(Caption-style text data)
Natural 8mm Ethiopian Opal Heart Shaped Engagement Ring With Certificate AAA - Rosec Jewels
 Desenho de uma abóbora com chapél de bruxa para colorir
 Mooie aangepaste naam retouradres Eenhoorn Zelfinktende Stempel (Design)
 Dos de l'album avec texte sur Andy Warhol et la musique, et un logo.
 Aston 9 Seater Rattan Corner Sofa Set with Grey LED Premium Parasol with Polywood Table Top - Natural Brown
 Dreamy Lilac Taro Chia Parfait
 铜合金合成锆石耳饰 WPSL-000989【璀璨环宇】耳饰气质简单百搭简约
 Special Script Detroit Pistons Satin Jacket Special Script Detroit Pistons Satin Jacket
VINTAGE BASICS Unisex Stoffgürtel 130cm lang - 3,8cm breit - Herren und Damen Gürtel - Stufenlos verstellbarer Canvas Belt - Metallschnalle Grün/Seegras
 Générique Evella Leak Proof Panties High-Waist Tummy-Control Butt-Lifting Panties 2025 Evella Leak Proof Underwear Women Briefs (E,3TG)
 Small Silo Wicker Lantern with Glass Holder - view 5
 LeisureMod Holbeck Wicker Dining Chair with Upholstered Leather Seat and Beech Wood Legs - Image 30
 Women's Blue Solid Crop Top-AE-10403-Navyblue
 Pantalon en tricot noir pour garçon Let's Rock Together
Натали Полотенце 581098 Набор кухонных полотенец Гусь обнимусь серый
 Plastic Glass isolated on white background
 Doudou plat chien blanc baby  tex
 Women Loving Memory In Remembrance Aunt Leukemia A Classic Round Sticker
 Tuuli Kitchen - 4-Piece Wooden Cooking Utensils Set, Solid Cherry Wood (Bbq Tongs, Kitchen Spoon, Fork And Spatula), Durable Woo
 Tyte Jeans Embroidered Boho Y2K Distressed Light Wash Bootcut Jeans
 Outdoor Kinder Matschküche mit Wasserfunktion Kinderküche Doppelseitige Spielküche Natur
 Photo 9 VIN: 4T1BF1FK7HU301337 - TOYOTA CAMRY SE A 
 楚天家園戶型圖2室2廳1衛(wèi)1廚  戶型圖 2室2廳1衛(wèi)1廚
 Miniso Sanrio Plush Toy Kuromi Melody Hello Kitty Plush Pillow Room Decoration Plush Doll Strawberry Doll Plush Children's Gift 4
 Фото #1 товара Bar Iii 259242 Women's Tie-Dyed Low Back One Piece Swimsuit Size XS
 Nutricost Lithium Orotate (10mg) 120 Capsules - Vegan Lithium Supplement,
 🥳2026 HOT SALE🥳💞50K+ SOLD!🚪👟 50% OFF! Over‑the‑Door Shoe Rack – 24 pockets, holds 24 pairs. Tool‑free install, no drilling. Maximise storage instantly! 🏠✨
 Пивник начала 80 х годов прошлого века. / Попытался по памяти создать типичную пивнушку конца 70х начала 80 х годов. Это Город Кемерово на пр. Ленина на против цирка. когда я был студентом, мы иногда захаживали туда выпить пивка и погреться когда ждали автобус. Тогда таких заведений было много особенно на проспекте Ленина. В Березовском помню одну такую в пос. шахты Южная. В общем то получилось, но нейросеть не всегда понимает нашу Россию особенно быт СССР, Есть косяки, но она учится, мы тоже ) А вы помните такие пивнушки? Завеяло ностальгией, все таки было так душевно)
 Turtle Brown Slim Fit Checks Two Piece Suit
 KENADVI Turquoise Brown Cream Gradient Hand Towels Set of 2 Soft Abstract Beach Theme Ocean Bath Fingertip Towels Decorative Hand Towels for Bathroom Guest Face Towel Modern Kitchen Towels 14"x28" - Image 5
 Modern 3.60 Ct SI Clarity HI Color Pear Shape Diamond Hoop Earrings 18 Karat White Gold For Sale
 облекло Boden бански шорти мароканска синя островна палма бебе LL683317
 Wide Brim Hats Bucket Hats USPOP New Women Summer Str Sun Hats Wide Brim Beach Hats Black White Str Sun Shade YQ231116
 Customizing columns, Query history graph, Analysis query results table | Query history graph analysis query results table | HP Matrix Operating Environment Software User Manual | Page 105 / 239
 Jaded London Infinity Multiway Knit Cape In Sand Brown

» DIRECTIONS:
A word-for-word transcription of all the data is needed.

» FINISHED TASK:
Natural 8mm Ethiopian Opal Heart Shaped Engagement Ring With Certificate AAA - Rosec Jewels
 Desenho de uma abóbora com chapél de bruxa para colorir
 Mooie aangepaste naam retouradres Eenhoorn Zelfinktende Stempel (Design)
 Dos de l'album avec texte sur Andy Warhol et la musique, et un logo.
 Aston 9 Seater Rattan Corner Sofa Set with Grey LED Premium Parasol with Polywood Table Top - Natural Brown
 Dreamy Lilac Taro Chia Parfait
 铜合金合成锆石耳饰 WPSL-000989【璀璨环宇】耳饰气质简单百搭简约
 Special Script Detroit Pistons Satin Jacket Special Script Detroit Pistons Satin Jacket
VINTAGE BASICS Unisex Stoffgürtel 130cm lang - 3,8cm breit - Herren und Damen Gürtel - Stufenlos verstellbarer Canvas Belt - Metallschnalle Grün/Seegras
 Générique Evella Leak Proof Panties High-Waist Tummy-Control Butt-Lifting Panties 2025 Evella Leak Proof Underwear Women Briefs (E,3TG)
 Small Silo Wicker Lantern with Glass Holder - view 5
 LeisureMod Holbeck Wicker Dining Chair with Upholstered Leather Seat and Beech Wood Legs - Image 30
 Women's Blue Solid Crop Top-AE-10403-Navyblue
 Pantalon en tricot noir pour garçon Let's Rock Together
Натали Полотенце 581098 Набор кухонных полотенец Гусь обнимусь серый
 Plastic Glass isolated on white background
 Doudou plat chien blanc baby  tex
 Women Loving Memory In Remembrance Aunt Leukemia A Classic Round Sticker
 Tuuli Kitchen - 4-Piece Wooden Cooking Utensils Set, Solid Cherry Wood (Bbq Tongs, Kitchen Spoon, Fork And Spatula), Durable Woo
 Tyte Jeans Embroidered Boho Y2K Distressed Light Wash Bootcut Jeans
 Outdoor Kinder Matschküche mit Wasserfunktion Kinderküche Doppelseitige Spielküche Natur
 Photo 9 VIN: 4T1BF1FK7HU301337 - TOYOTA CAMRY SE A 
 楚天家園戶型圖2室2廳1衛(wèi)1廚  戶型圖 2室2廳1衛(wèi)1廚
 Miniso Sanrio Plush Toy Kuromi Melody Hello Kitty Plush Pillow Room Decoration Plush Doll Strawberry Doll Plush Children's Gift 4
 Фото #1 товара Bar Iii 259242 Women's Tie-Dyed Low Back One Piece Swimsuit Size XS
 Nutricost Lithium Orotate (10mg) 120 Capsules - Vegan Lithium Supplement,
 🥳2026 HOT SALE🥳💞50K+ SOLD!🚪👟 50% OFF! Over‑the‑Door Shoe Rack – 24 pockets, holds 24 pairs. Tool‑free install, no drilling. Maximise storage instantly! 🏠✨
 Пивник начала 80 х годов прошлого века. / Попытался по памяти создать типичную пивнушку конца 70х начала 80 х годов. Это Город Кемерово на пр. Ленина на против цирка. когда я был студентом, мы иногда захаживали туда выпить пивка и погреться когда ждали автобус. Тогда таких заведений было много особенно на проспекте Ленина. В Березовском помню одну такую в пос. шахты Южная. В общем то получилось, но нейросеть не всегда понимает нашу Россию особенно быт СССР, Есть косяки, но она учится, мы тоже ) А вы помните такие пивнушки? Завеяло ностальгией, все таки было так душевно)
 Turtle Brown Slim Fit Checks Two Piece Suit
 KENADVI Turquoise Brown Cream Gradient Hand Towels Set of 2 Soft Abstract Beach Theme Ocean Bath Fingertip Towels Decorative Hand Towels for Bathroom Guest Face Towel Modern Kitchen Towels 14"x28" - Image 5
 Modern 3.60 Ct SI Clarity HI Color Pear Shape Diamond Hoop Earrings 18 Karat White Gold For Sale
 облекло Boden бански шорти мароканска синя островна палма бебе LL683317
 Wide Brim Hats Bucket Hats USPOP New Women Summer Str Sun Hats Wide Brim Beach Hats Black White Str Sun Shade YQ231116
 Customizing columns, Query history graph, Analysis query results table | Query history graph analysis query results table | HP Matrix Operating Environment Software User Manual | Page 105 / 239
 Jaded London Infinity Multiway Knit Cape In Sand Brown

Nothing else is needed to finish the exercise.